**TASK INPUT:**
──────────────────────────────

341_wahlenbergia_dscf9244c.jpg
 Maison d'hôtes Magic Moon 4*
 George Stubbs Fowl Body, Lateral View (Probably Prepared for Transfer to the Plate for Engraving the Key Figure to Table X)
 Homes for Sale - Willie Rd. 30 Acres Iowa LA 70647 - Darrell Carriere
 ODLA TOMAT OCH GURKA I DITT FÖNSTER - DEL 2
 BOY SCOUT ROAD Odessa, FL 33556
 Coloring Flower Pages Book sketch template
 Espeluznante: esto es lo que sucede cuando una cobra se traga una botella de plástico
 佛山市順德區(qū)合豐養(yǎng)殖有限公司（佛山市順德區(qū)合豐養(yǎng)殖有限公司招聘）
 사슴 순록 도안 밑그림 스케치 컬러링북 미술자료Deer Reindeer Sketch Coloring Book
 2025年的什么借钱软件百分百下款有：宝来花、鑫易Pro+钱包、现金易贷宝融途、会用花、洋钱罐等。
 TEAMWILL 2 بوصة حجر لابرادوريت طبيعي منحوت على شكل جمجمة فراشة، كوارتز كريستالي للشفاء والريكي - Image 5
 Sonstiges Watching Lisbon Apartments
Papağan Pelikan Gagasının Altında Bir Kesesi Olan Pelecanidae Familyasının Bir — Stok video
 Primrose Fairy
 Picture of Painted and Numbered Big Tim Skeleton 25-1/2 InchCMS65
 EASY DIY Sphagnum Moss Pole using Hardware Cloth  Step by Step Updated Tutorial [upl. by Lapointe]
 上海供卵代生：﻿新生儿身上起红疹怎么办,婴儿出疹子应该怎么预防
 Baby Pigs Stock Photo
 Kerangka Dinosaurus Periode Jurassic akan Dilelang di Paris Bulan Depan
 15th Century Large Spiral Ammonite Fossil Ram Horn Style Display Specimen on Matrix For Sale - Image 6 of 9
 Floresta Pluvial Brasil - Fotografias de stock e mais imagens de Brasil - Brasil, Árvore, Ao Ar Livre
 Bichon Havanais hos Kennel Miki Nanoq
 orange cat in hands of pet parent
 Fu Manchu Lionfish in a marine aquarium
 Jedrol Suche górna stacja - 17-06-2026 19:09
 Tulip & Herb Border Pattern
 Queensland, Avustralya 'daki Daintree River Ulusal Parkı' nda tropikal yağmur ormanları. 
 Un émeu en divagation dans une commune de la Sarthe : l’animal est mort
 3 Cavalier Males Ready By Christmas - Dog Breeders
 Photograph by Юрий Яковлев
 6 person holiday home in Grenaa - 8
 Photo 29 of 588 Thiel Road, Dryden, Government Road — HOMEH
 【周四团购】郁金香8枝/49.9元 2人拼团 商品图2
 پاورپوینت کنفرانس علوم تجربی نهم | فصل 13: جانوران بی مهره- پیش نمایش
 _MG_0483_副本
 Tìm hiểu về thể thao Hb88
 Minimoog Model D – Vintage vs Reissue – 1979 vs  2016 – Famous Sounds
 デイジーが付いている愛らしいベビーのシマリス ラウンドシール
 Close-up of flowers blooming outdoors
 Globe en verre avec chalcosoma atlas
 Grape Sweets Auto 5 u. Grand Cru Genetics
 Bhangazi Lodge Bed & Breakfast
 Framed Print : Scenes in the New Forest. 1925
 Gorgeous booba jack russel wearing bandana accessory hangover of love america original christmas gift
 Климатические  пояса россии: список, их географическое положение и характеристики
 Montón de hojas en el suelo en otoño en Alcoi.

──────────────────────────────

**PROMPT:**
Write out every record verbatim.

**RESPONSE BELOW:**
341_wahlenbergia_dscf9244c.jpg
 Maison d'hôtes Magic Moon 4*
 George Stubbs Fowl Body, Lateral View (Probably Prepared for Transfer to the Plate for Engraving the Key Figure to Table X)
 Homes for Sale - Willie Rd. 30 Acres Iowa LA 70647 - Darrell Carriere
 ODLA TOMAT OCH GURKA I DITT FÖNSTER - DEL 2
 BOY SCOUT ROAD Odessa, FL 33556
 Coloring Flower Pages Book sketch template
 Espeluznante: esto es lo que sucede cuando una cobra se traga una botella de plástico
 佛山市順德區(qū)合豐養(yǎng)殖有限公司（佛山市順德區(qū)合豐養(yǎng)殖有限公司招聘）
 사슴 순록 도안 밑그림 스케치 컬러링북 미술자료Deer Reindeer Sketch Coloring Book
 2025年的什么借钱软件百分百下款有：宝来花、鑫易Pro+钱包、现金易贷宝融途、会用花、洋钱罐等。
 TEAMWILL 2 بوصة حجر لابرادوريت طبيعي منحوت على شكل جمجمة فراشة، كوارتز كريستالي للشفاء والريكي - Image 5
 Sonstiges Watching Lisbon Apartments
Papağan Pelikan Gagasının Altında Bir Kesesi Olan Pelecanidae Familyasının Bir — Stok video
 Primrose Fairy
 Picture of Painted and Numbered Big Tim Skeleton 25-1/2 InchCMS65
 EASY DIY Sphagnum Moss Pole using Hardware Cloth  Step by Step Updated Tutorial [upl. by Lapointe]
 上海供卵代生：﻿新生儿身上起红疹怎么办,婴儿出疹子应该怎么预防
 Baby Pigs Stock Photo
 Kerangka Dinosaurus Periode Jurassic akan Dilelang di Paris Bulan Depan
 15th Century Large Spiral Ammonite Fossil Ram Horn Style Display Specimen on Matrix For Sale - Image 6 of 9
 Floresta Pluvial Brasil - Fotografias de stock e mais imagens de Brasil - Brasil, Árvore, Ao Ar Livre
 Bichon Havanais hos Kennel Miki Nanoq
 orange cat in hands of pet parent
 Fu Manchu Lionfish in a marine aquarium
 Jedrol Suche górna stacja - 17-06-2026 19:09
 Tulip & Herb Border Pattern
 Queensland, Avustralya 'daki Daintree River Ulusal Parkı' nda tropikal yağmur ormanları. 
 Un émeu en divagation dans une commune de la Sarthe : l’animal est mort
 3 Cavalier Males Ready By Christmas - Dog Breeders
 Photograph by Юрий Яковлев
 6 person holiday home in Grenaa - 8
 Photo 29 of 588 Thiel Road, Dryden, Government Road — HOMEH
 【周四团购】郁金香8枝/49.9元 2人拼团 商品图2
 پاورپوینت کنفرانس علوم تجربی نهم | فصل 13: جانوران بی مهره- پیش نمایش
 _MG_0483_副本
 Tìm hiểu về thể thao Hb88
 Minimoog Model D – Vintage vs Reissue – 1979 vs  2016 – Famous Sounds
 デイジーが付いている愛らしいベビーのシマリス ラウンドシール
 Close-up of flowers blooming outdoors
 Globe en verre avec chalcosoma atlas
 Grape Sweets Auto 5 u. Grand Cru Genetics
 Bhangazi Lodge Bed & Breakfast
 Framed Print : Scenes in the New Forest. 1925
 Gorgeous booba jack russel wearing bandana accessory hangover of love america original christmas gift
 Климатические  пояса россии: список, их географическое положение и характеристики
 Montón de hojas en el suelo en otoño en Alcoi.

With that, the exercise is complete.